### Task instructions
For this exercise, copy the records below exactly and exclude every image.

-- Data under study follows --

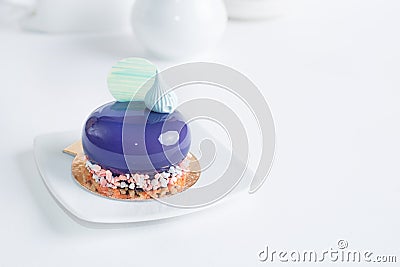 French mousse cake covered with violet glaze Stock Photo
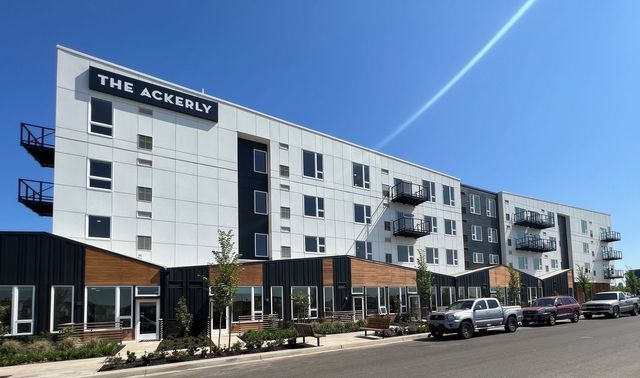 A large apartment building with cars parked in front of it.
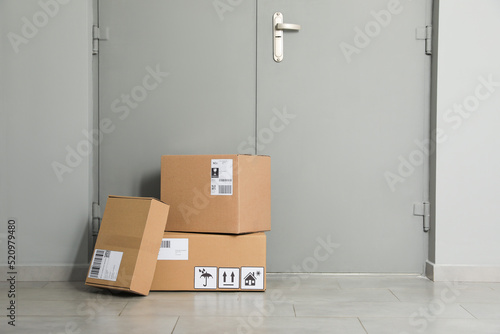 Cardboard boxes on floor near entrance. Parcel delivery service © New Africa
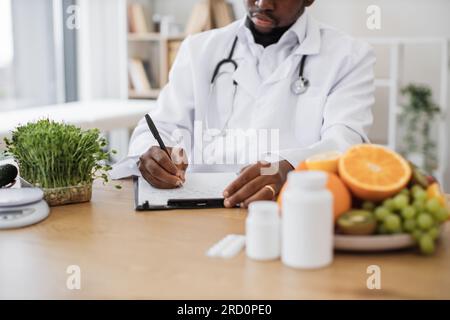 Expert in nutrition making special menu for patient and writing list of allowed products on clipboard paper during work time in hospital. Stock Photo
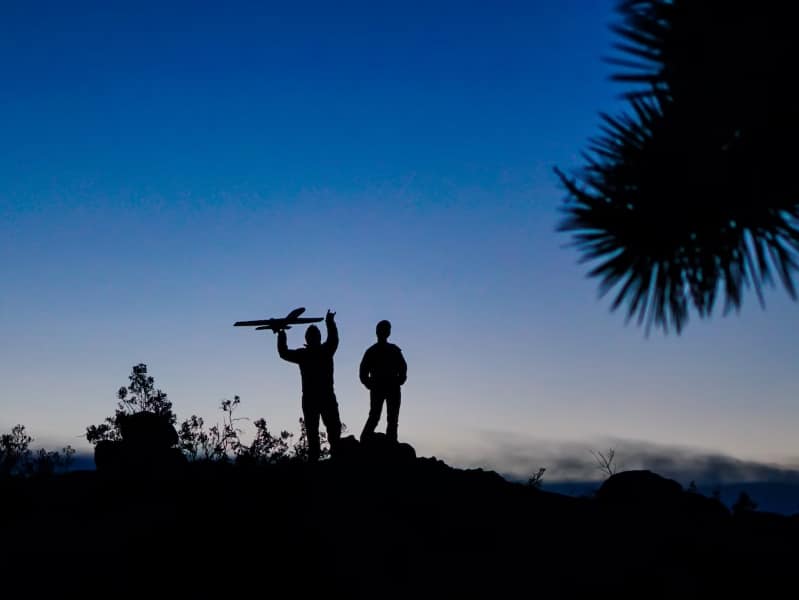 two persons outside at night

-- Data under study concluded --

### Expected answer
 French mousse cake covered with violet glaze Stock Photo
 A large apartment building with cars parked in front of it.
 Cardboard boxes on floor near entrance. Parcel delivery service © New Africa
 Expert in nutrition making special menu for patient and writing list of allowed products on clipboard paper during work time in hospital. Stock Photo
 two persons outside at night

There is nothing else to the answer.